Words are more important than we realize. Jesus is called the Word of God; it was with words that God created the universe out of nothing; God made humans in His image, which is defined in part by the spoken language that sets us apart from all other creatures on earth; God revealed himself for thousands of years through prophets who spoke His words, and it is through a book of these words that He continues to reveal Himself today; Jesus said that "by your words you will be justified and by your words you will be condemned;" and the passage above tells us that it is only through hearing a message of words that sinners like me can have any hope for eternal life. If you are a believer in Jesus as your Savior, I don't need to go any further in proving this point about words than to ask you to consider how you came to believe. No matter what other circumstances were involved, you believed because you heard (or read) words that explained who Jesus is and what He has done for us.

The second big problem with this card is that the word words is crossed out and replaced with a list of various media as though these could actually replace words in the telling of the gospel. Granted, some of these media (chat rooms, blogs, messages, vlogs, ...) are legitimate ways that words could be used to tell the gospel. But how are art and photographs, for example, going to bring someone to faith in Jesus? The answer is that they are not. Perhaps they could play a role of softening the emotions in order that someone would go on to believe the verbal message of the gospel, but without the verbal message they are useless. The same is true for music, videos, and events. If someone understands the gospel through those media it will be because of the words they contain and not because of the media themselves.

I would even go as far as to say that the new trend of emphasizing visual media in Christianity borders on idolatry. An idol is essentially something that can be seen that is honored above or alongside our God, who is unseen. Nearly every time I go to a youth ministry conference or read a recent book on church ministry I'm told that the new generation is a visual generation who cannot adequately understand God apart from visual imagery. To me this seems a little too much like what happened when the Israelites had just come out of Egypt. They knew that a great God had brought them out of Egypt, and they had grown up in a culture of visible gods, so they decided to try to represent God visibly. They fashioned a golden calf and bowed down to it and proclaimed that this was the God who had brought them out of Egypt. God's response to this was not, "Thank you for worshiping me in a way that helps make it so real to you." Instead, He was so angry that He nearly destroyed them on the spot.
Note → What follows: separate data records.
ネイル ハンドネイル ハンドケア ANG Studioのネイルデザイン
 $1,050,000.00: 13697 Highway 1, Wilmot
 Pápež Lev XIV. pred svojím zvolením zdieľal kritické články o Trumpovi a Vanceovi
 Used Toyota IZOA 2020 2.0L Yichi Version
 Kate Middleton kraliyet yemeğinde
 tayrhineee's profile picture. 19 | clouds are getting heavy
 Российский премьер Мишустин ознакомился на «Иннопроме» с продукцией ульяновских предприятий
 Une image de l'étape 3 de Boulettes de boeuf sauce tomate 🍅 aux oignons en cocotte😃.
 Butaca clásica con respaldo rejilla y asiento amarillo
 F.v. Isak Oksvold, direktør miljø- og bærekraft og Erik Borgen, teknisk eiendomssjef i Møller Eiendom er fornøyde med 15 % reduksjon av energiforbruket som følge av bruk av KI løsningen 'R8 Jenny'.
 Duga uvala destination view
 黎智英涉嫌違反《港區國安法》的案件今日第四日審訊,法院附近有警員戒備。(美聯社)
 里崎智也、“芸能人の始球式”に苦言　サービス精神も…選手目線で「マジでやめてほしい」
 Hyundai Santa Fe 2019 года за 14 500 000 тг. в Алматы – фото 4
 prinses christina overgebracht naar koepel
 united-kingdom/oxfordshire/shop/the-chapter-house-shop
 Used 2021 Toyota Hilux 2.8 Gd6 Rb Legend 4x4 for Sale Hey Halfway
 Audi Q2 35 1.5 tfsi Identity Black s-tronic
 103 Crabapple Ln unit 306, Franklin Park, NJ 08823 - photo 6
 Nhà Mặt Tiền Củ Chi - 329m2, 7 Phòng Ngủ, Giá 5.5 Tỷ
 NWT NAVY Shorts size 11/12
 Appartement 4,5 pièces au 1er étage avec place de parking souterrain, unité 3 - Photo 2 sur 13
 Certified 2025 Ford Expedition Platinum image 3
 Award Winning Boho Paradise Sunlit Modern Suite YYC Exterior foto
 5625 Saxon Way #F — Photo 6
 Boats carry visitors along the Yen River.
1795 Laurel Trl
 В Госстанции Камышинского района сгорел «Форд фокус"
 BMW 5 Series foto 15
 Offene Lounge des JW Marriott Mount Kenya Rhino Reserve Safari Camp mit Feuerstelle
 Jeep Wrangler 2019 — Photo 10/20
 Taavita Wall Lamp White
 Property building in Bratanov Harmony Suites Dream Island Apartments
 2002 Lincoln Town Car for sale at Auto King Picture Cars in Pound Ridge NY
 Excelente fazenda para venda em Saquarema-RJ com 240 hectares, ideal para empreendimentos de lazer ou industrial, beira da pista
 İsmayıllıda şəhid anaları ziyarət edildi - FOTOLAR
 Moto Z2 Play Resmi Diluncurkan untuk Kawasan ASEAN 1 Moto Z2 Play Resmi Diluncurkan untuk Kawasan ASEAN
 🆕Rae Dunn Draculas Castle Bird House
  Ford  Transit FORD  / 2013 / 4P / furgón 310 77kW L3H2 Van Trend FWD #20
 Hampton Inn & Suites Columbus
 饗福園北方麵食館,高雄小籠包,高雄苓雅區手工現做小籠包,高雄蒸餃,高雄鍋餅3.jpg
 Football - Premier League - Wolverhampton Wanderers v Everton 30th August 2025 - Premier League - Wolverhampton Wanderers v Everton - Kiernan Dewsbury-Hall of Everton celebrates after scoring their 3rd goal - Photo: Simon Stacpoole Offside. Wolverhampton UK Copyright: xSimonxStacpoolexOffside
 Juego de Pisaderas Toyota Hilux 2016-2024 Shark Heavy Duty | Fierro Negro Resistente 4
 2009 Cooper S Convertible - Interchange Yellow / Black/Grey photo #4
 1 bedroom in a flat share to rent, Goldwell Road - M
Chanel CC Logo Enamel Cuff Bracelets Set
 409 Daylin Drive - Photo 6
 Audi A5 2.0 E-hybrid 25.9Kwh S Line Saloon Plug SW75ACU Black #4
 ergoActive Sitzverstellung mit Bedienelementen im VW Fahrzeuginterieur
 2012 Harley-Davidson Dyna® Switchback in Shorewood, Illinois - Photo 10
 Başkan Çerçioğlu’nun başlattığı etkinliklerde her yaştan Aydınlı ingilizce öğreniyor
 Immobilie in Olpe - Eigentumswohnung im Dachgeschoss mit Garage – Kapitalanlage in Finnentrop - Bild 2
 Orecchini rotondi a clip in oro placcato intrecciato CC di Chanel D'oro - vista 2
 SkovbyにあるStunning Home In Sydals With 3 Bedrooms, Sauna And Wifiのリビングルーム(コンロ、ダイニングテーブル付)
Please don't misunderstand me. I don't have a problem with the existence of Christian visual media. I even make my own videos from time to time to help illustrate biblical principles. What I do have a problem with is when worship centers on the visual rather than the verbal and when the spoken gospel message is clouded over by visual media and other distractions. I admit that I am very impressed by the technology and showmanship that I have seen at many worship services, but I'm sure the Israelites were even more impressed by a beautifully crafted calf made of pure, shimmering gold.

We worship a God who is greater than anything this world has to offer, yet we have never seen Him. That's why we are to set our minds "on the things that are above, not on things that are on earth," and why "we look not to the things that are seen but to the things that are unseen." Just as Jesus said to Thomas, who had doubted that Jesus had been raised from the dead, "Blessed are those who have not seen and yet have believed." It is for this reason that we are told to "walk by faith, not by sight." And where does this faith come from? Art? Videos? Kind deeds done by strangers? No. Instead, "Faith comes from hearing the message, and the message is heard through the word of Christ."

UPDATE: As it turns out, the theme of John Piper's Desiring God Conference next month will be The Power of Words and the Wonder of God. It looks like it will be along the same lines as what I've written here, except much better. I probably won't get to go.